# Dropbox and freebsd 12 or what alternative ?



## cyrille (Feb 15, 2019)

Hi
I finish the install of FreeBSD 12 on my laptop.
It seems that it's not possible to install dropbox on FreeBSD because the FreeBSD kernel not use inotify.
Is it right? 
Is it possible to install dropbox without using wine on FreeBSD or do you know an alternative of this program for FreeBSD?
Thanks


----------



## SirDice (Feb 15, 2019)

cyrille said:


> It seems that it's not possible to install dropbox on freebsd because the freebsd kernel not use inotify.
> Is it right ?


The kernel doesn't support it, yes, that's correct. But we do have devel/libinotify.


----------



## unix4you2 (Feb 15, 2019)

Hi cyrille

There is an easy way to use dropbox (and other cloud services) under FreeBSD using the *rclone* package.  You can find info about it using `pkg search rclone` and the you could see something like "Sync files to and from various cloud services".

Then install it doing a `pkg install rclone` and follow their instructions to configure it.

Official site: https://rclone.org/

I hope this help you.   Regards.


----------



## cyrille (Feb 15, 2019)

OK thanks a lot, 
I'll try it asap


----------



## twllnbrck (Feb 15, 2019)

Im also using net/rclone if I need access to dropbox or gdrive


----------



## cyrille (Feb 15, 2019)

OK just test rclone.
Works fine but it's a command line , less friendly than the Linux demon
But I keep it, I'll change my habits, really want to use freebsd as a desktop and  learn new things 
Thanks a lot


----------



## unix4you2 (Feb 19, 2019)

Hi cyrille 

I know its a little different, but when you have the way that is more efficient and friendly.   For example i have many network resources mounted (at boot-time and by demand) and I program that as commands over my bars in XFCE or as shell files in the folders I want to mount the resource.   Then when I run the scripts that file dissapear and the system shows me the content of the shared folder.  So in that way I see all the filesystem as one system without the use of external tools runing in the system tray that could fail because depends of the desktop or another app.

Regards.


----------



## cyrille (Feb 24, 2019)

Finally, I use rclone for a week, very simple, well documented.
I wrote a shell script to  facilitate his use according to my expectations and it works really well.
Thanks for all. 
Solved


----------



## drhowarddrfine (Feb 24, 2019)

Unless you're using the free DropBox, why not just get a cheap server for less than $3/month?


----------



## cyrille (Feb 24, 2019)

I've got a server for my personal hosting web site





						Hébergement Perso
					

Découvrez l'offre Perso, l'hébergement web à bas prix.

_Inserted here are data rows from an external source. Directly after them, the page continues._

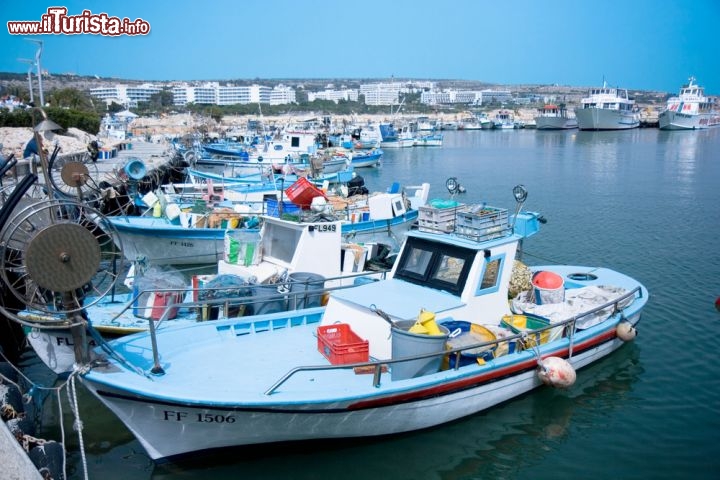Immagine Porto turistico di Agia Napa, sull'isola di Cipro - © Aleksandar Todorovic / Shutterstock.com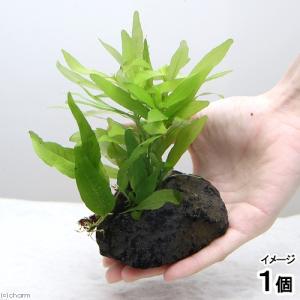 チャーム（charm） （水草）ミクロソリウムsp．スモールリーフ（水中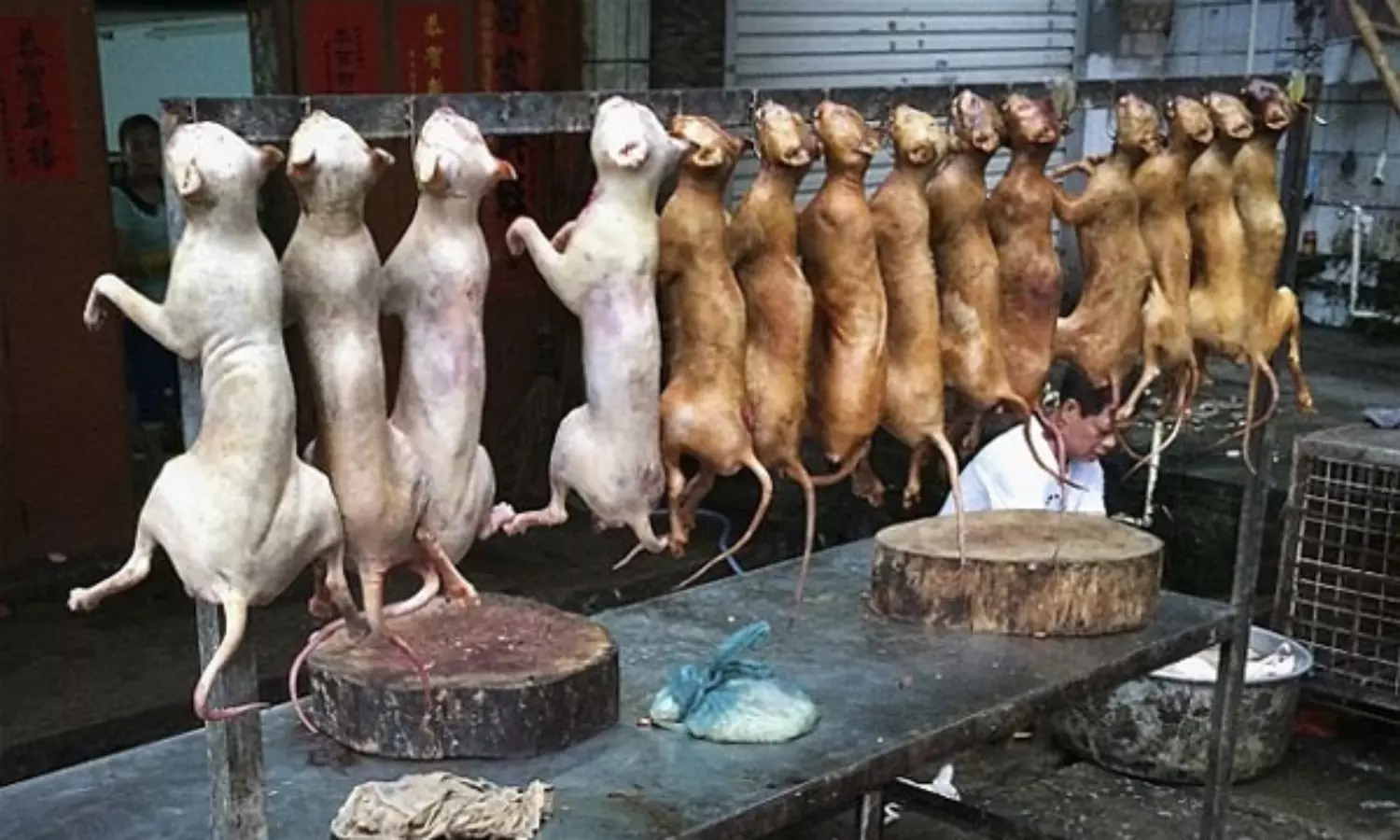 Taiwan bans eating dog, cat meat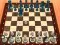 Spil Chess Master 3D online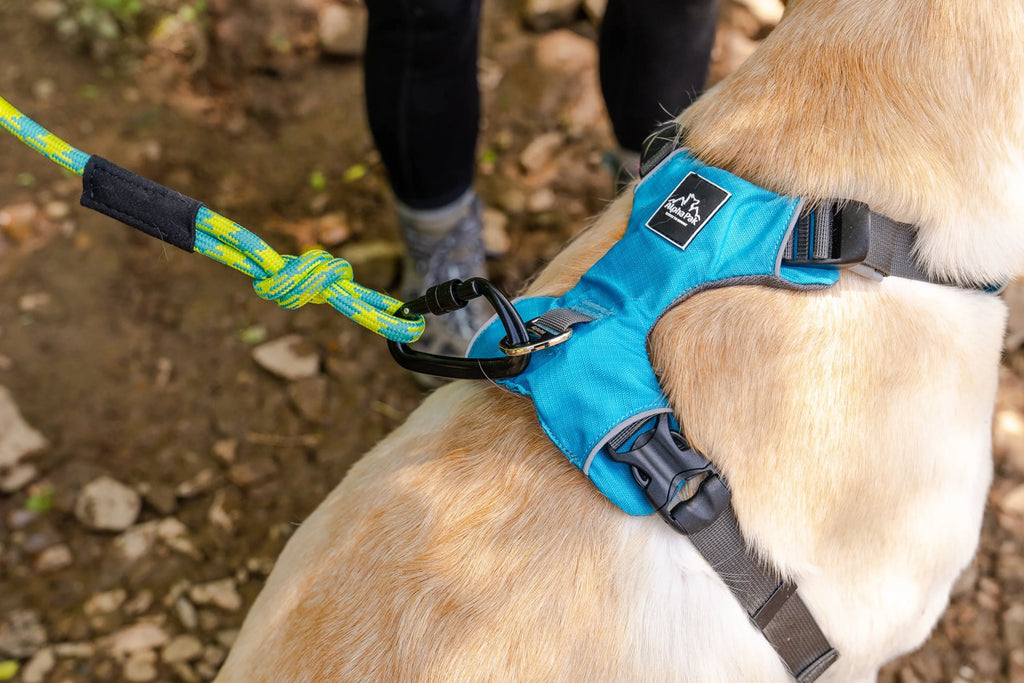 Alpine (Green) 10MM Kernmantle Rope Dog Leash - AlphaPak with dog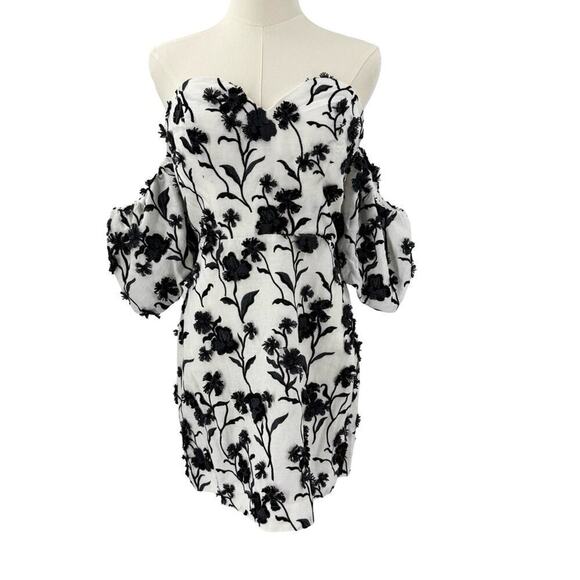 Anthropologie Applique Sabrina Mini Dress Sz 10 White Black - Picture 7 of 11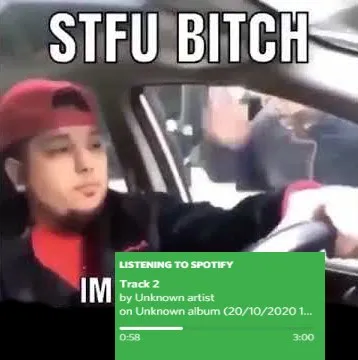 STFU Bitch Driving Reaction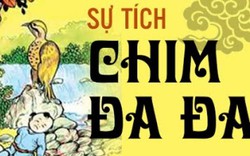 Truyện cổ tích Việt Nam: Sự tích chim đa đa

Cette offre est généralement utilisée pour héberger des blogs (WordPress) et sites personnels.



					www.ovh.com
				



But I don't know if it can replace a dropbox.


Do you have a exemple (URL) of cheap server for less than $3/month ? Thanks


----------



## drhowarddrfine (Feb 24, 2019)

cyrille There are threads about this on here. I like ramnode for such things at $2.50/month but there are others.


----------



## rigoletto@ (Feb 24, 2019)

You can use net/syncthing to do the same dropbox do using a remote server.


----------



## puretone (Jun 4, 2019)

cyrille said:


> Finally, I use rclone for a week, very simple, well documented.
> I wrote a shell script to  facilitate his use according to my expectations and it works really well.
> Thanks for all.
> Solved



And if you insist on having a slick system tray icon for use with rclone & DropBox, then I can confirm that RcloneBrowser works perfectly on FreeBSD.

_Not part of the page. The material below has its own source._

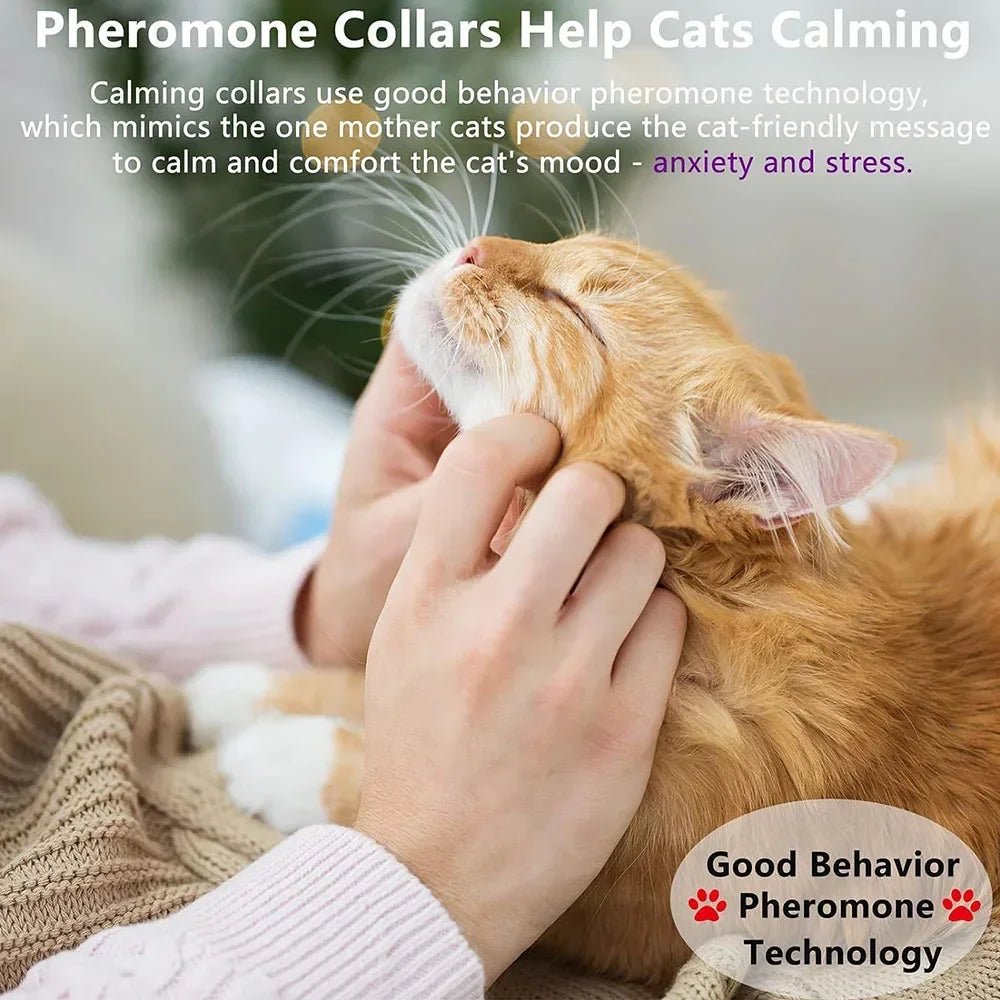 CalmPaw™ Anti - Anxiety Collar - ZinPetCare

						GitHub - mmozeiko/RcloneBrowser: Simple cross platform GUI for rclone
					

Simple cross platform GUI for rclone. Contribute to mmozeiko/RcloneBrowser development by creating an account on GitHub.




					github.com


----------



## Lamia (Jun 4, 2019)

cyrille said:


> I've got a server for my personal hosting web site
> 
> 
> 
> ...


Search lowendbox.com.

You can install on your server seafile, nextcloud or so to work as your Dropbox.


----------



## omzeta (Jan 29, 2020)

HI, 
What is the best way to upload files >350Gb to Dropbox?
I used Dropbox-Api-Command but the transfer is interrupted
Thanks


----------



## Sevendogsbsd (Jan 29, 2020)

I think I just used their web interface from my FreeBSD desktop, but obviously that means you have to have a desktop...not sure if you are doing this from a server or a desktop.


----------



## omzeta (Jan 29, 2020)

I want to upload my daily backups, from the freebsd 12 console.


----------



## SirDice (Jan 29, 2020)

omzeta said:


> I used Dropbox-Api-Command but the transfer is interrupted


Make sure it's not your connection. If the connection drops, even momentarily, these transfers often get interrupted, regardless of the tool you use.


----------



## DusTech (Apr 18, 2020)

So, I use dropbox on every device I have, but basically you're saying that no one of this packages:






Is going to be a running service that will upload and download files as I modify them?
What I mean is that I should handle dropbox by hand?
That's unfortunate to say the least


----------



## cyrille (Apr 18, 2020)

here is my think beast for dropbox : https://cbiot.fr/dokuwiki/installfreebsd#dropbox
but I don't use it anymore. But yes, when I used dropbox, sync must run manually.
Now I've got installed seafile server on my vps and there is gui clients for Linux and FreeBSD
Works fine.


----------



## DusTech (Apr 18, 2020)

cyrille said:


> here is my think beast for dropbox : https://cbiot.fr/dokuwiki/installfreebsd#dropbox
> but I don't use it anymore. But yes, when I used dropbox, sync must run manually.
> Now I've got installed seafile server on my vps and there is gui clients for Linux and FreeBSD
> Works fine.



Thank you for the fast reply.


----------